◆ **Task directions**: Write out only the final part of the records below. It begins with the line that contains "Used Audi A4" and ends with the last line.

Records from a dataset
• • • • • • •
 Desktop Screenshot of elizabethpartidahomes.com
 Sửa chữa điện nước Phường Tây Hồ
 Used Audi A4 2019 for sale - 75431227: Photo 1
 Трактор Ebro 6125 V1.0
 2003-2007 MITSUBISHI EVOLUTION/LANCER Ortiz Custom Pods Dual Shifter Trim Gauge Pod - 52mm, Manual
• • • • • • •
◆ **Solution to this problem**:
 Used Audi A4 2019 for sale - 75431227: Photo 1
 Трактор Ebro 6125 V1.0
 2003-2007 MITSUBISHI EVOLUTION/LANCER Ortiz Custom Pods Dual Shifter Trim Gauge Pod - 52mm, Manual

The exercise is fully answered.